'''

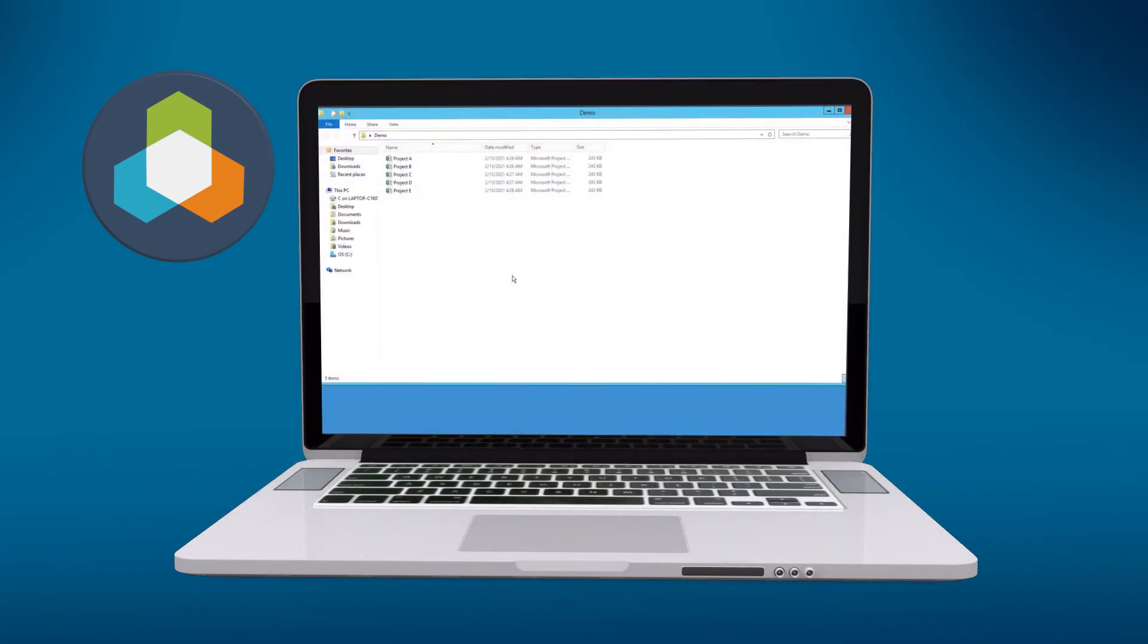Now I've already ahead of time added four of these five projects into Tempest using the add-in. And in this case, let's go ahead and add Project A.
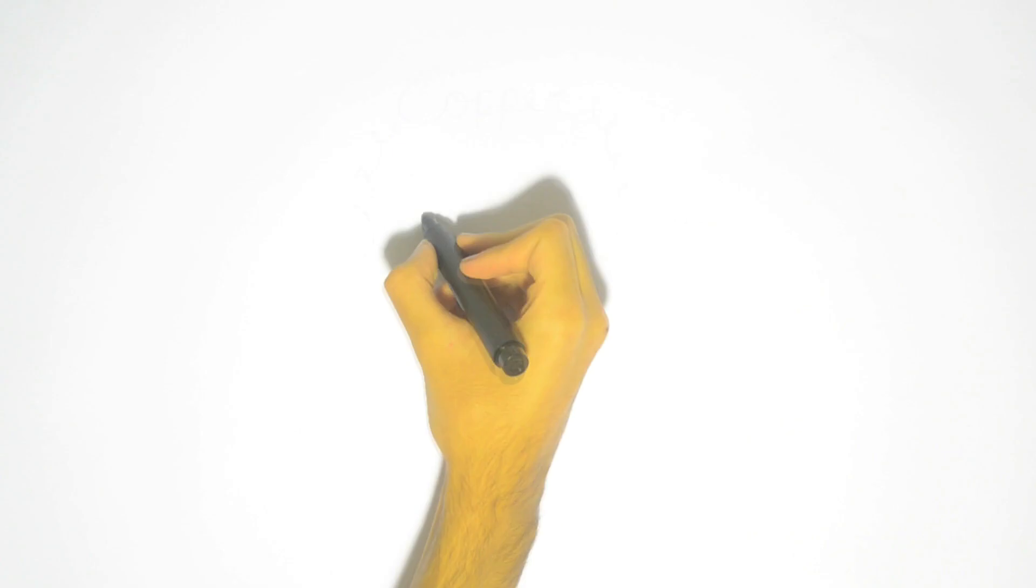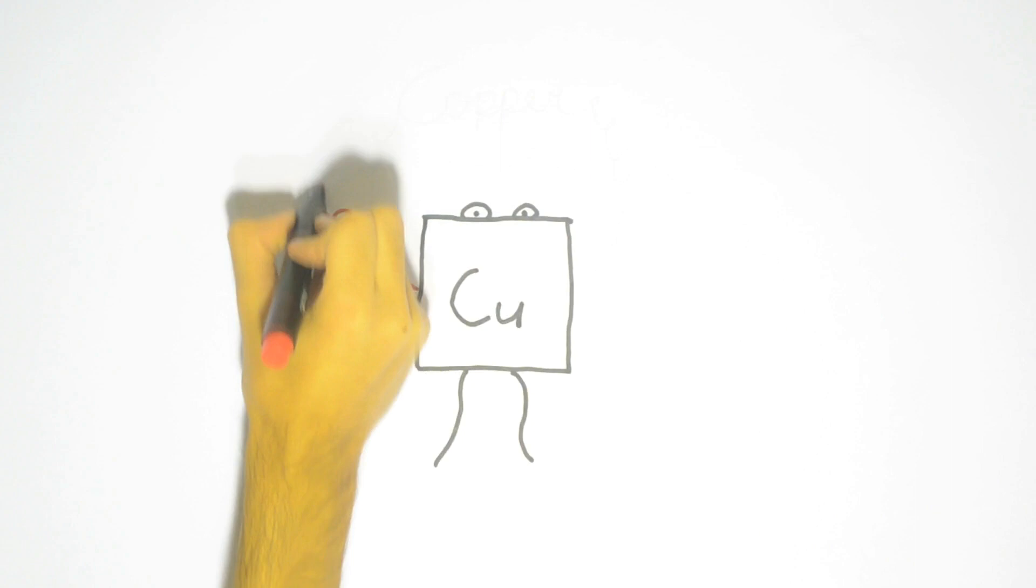Copper is the second best conductor to silver, followed by aluminium. Copper is also very ductile and malleable, and thus it can be drawn into wires.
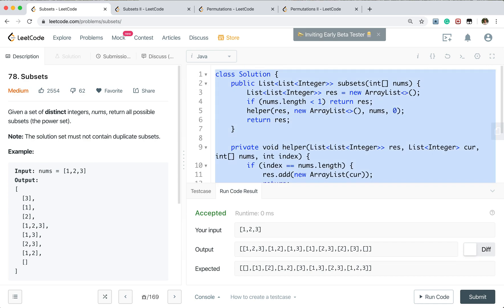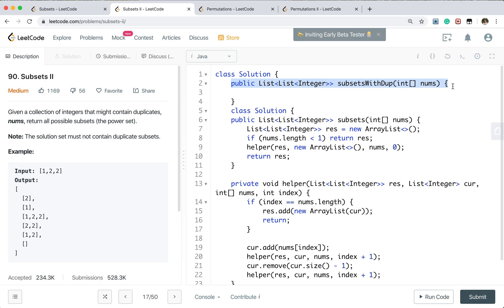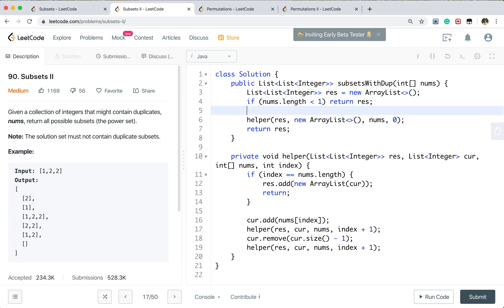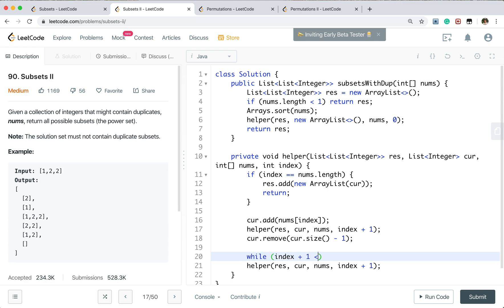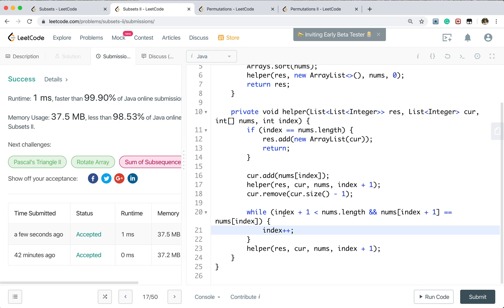We copy the previous subset function. Sort the numbers array. The only change: after removing the element and before the second recursive call, add a while loop: while index+1 is less than numbers.length and numbers[index+1] equals numbers[index], increment index. This skips duplicate values so we don't generate the same subset twice. That's all! Thank you, see you next time. Bye.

'''

Each line of the data above must be repeated exactly, images excluded.

__Exercise solution__.
Now I've already ahead of time added four of these five projects into Tempest using the add-in. And in this case, let's go ahead and add Project A.
Copper is the second best conductor to silver, followed by aluminium. Copper is also very ductile and malleable, and thus it can be drawn into wires.
We copy the previous subset function. Sort the numbers array. The only change: after removing the element and before the second recursive call, add a while loop: while index+1 is less than numbers.length and numbers[index+1] equals numbers[index], increment index. This skips duplicate values so we don't generate the same subset twice. That's all! Thank you, see you next time. Bye.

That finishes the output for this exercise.